# Joining global COVID-19 statistics with survey data

Data source: https://github.com/owid/covid-19-data/tree/master/public/data/  
For detailed information of the data see the README.md file  
Data downloaded on 24/11/2020 at 09:37 (last update of dataset when downloaded 2020-11-23T14:22:31)

In [1]:
import sys
sys.path.insert(1, '/Users/jakoliendenhollander/capstone/capstone')

import pandas as pd
import warnings
import functions.functions_data

warnings.filterwarnings(action='ignore')
pd.set_option('display.max_columns', None) # To display all columns

### Read in data

In [2]:
covid_cases = pd.read_csv("/Users/jakoliendenhollander/capstone/capstone/data/Corona_stats/owid-covid-data.csv")

In [3]:
# Reading in survey data from csv into a dictionary of dataframes.
dfs_country = functions.functions_data.get_data("/Users/jakoliendenhollander/capstone/capstone/data/CMU_Global_data/Full_Survey_Data/country/smooth/", "country")
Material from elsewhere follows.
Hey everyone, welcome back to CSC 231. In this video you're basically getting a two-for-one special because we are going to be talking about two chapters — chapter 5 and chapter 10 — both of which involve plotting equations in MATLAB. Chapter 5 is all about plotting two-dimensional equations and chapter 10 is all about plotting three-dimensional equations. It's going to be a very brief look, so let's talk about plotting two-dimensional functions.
# Concatenating individuals dataframes from the dictionary into one dataframe for regions.
survey_data = pd.concat(dfs_country, ignore_index=True)

Read in data completed.


In [4]:
covid_cases[covid_cases["location"] == "Germany"].tail()
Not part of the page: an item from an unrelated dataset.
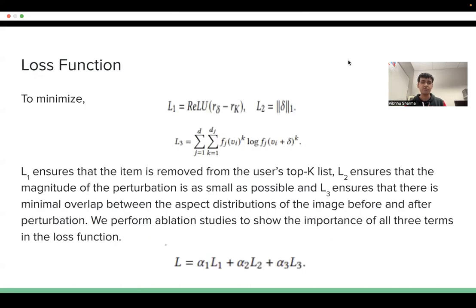To find the optimal perturbation, we minimize a novel loss function consisting of three terms: L1, L2, and L3. L1 ensures that the item is removed from the user's top-K list, that is, the item is no longer recommended to the user. L2 ensures that the magnitude of perturbation is as small as possible, and L3 ensures that there is minimal overlap between the majority sub-features before and after perturbation.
Unnamed: 0,iso_code,continent,location,date,total_cases,new_cases,new_cases_smoothed,total_deaths,new_deaths,new_deaths_smoothed,total_cases_per_million,new_cases_per_million,new_cases_smoothed_per_million,total_deaths_per_million,new_deaths_per_million,new_deaths_smoothed_per_million,reproduction_rate,icu_patients,icu_patients_per_million,hosp_patients,hosp_patients_per_million,weekly_icu_admissions,weekly_icu_admissions_per_million,weekly_hosp_admissions,weekly_hosp_admissions_per_million,total_tests,new_tests,total_tests_per_thousand,new_tests_per_thousand,new_tests_smoothed,new_tests_smoothed_per_thousand,tests_per_case,positive_rate,tests_units,stringency_index,population,population_density,median_age,aged_65_older,aged_70_older,gdp_per_capita,extreme_poverty,cardiovasc_death_rate,diabetes_prevalence,female_smokers,male_smokers,handwashing_facilities,hospital_beds_per_thousand,life_expectancy,human_development_index
13999,DEU,Europe,Germany,2020-11-19,855916.0,22609.0,18337.571,13370.0,251.0,198.286,10215.752,269.849,218.867,159.577,2.996,2.367,,,,,,,,,,,,,,,,,,,,83783945.0,237.016,46.6,21.453,15.957,45229.245,,156.139,8.31,28.2,33.1,,8.0,81.33,0.936
14000,DEU,Europe,Germany,2020-11-20,879564.0,23648.0,18352.714,13630.0,260.0,204.286,10498.002,282.25,219.048,162.68,3.103,2.438,,,,,,,,,,,,,,,,,,,,83783945.0,237.016,46.6,21.453,15.957,45229.245,,156.139,8.31,28.2,33.1,,8.0,81.33,0.936
14001,DEU,Europe,Germany,2020-11-21,902528.0,22964.0,18424.571,13884.0,254.0,215.143,10772.088,274.086,219.906,165.712,3.032,2.568,,,,,,,,,,,,,,,,,,,,83783945.0,237.016,46.6,21.453,15.957,45229.245,,156.139,8.31,28.2,33.1,,8.0,81.33,0.936
14002,DEU,Europe,Germany,2020-11-22,918269.0,15741.0,18252.286,14022.0,138.0,219.571,10959.964,187.876,217.849,167.359,1.647,2.621,,,,,,,,,,,,,,,,,,,,83783945.0,237.016,46.6,21.453,15.957,45229.245,,156.139,8.31,28.2,33.1,,8.0,81.33,0.936
14003,DEU,Europe,Germany,2020-11-23,929133.0,10864.0,18258.0,14112.0,90.0,223.571,11089.631,129.667,217.918,168.433,1.074,2.668,,,,,,,,,,,,,,,,,,,,83783945.0,237.016,46.6,21.453,15.957,45229.245,,156.139,8.31,28.2,33.1,,8.0,81.33,0.936


## Selecting data

In [5]:
# Select columns in covid cases data
df_cases = covid_cases[["iso_code","date","total_cases_per_million","new_cases_smoothed_per_million",
                       "total_deaths_per_million","new_deaths_smoothed_per_million","median_age","aged_65_older"]]

### Countries

In [6]:
# Rename 'GID_0' as 'iso_code' in survey data
survey_data['iso_code']=survey_data['GID_0']
survey_data.drop(columns='GID_0', axis=1, inplace=True)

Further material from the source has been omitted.